● **BRIEF**
Count up every line of the data in which "الرام" occurs. The reply is one number and nothing more.

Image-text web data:
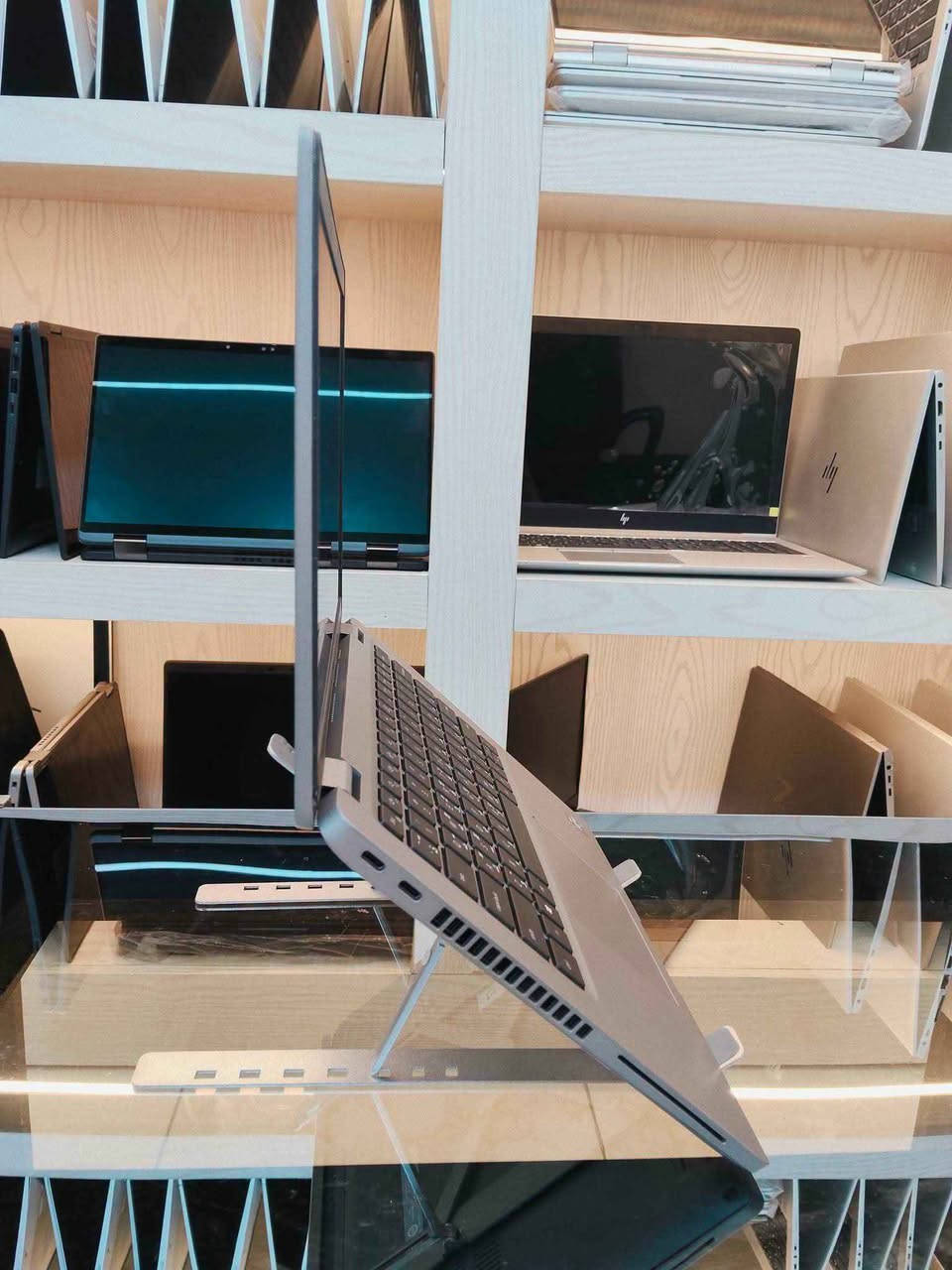 لابتوب سلم خفيف حديث معالج قوي وجيل عالي DELL 5420 Ci5 جيل حادي عشر    نظافة عاليه جدا اخو الجديد وعل الفحص وين متريد 
. 
 السعر ثابت 315 الف مع التوصيل والحقيبة والشاحن الأصلي  
……………………

 المعالج Core i5-11th جيل 11
 ذاكرة الوصول العشوائي (الرام) 8GB 
 التخزين( الهارد) SSD 256GB 
 مقاس شاشة 14 انج دقة عالية 
 منفذ HDMI & TYPE C 
شاحنة Type c 
 كيبورد  عربي انكليزي
الرام والهارد قابل للتطوير 
…………………………………
*********** الريادة للحاسبات بغداد, العراق

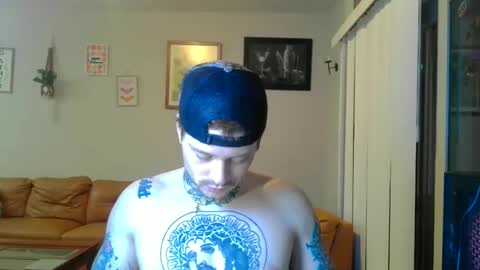 Snapshot of redinthebed chatting on 10/15/25, 02:22 InkedGinger online show from 10/15/25, 02:22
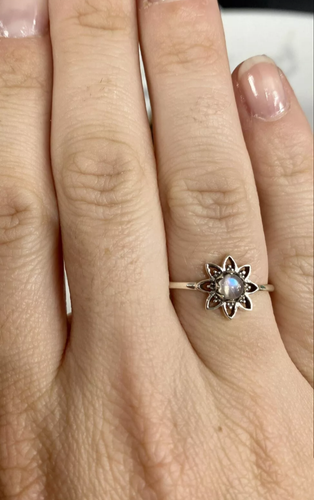 Rainbow Moonstone Flower Ring Gemstone 925 Sterling Silver Size P Crystal Reki - Picture 6 of 6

● **YOUR SOLUTION**
2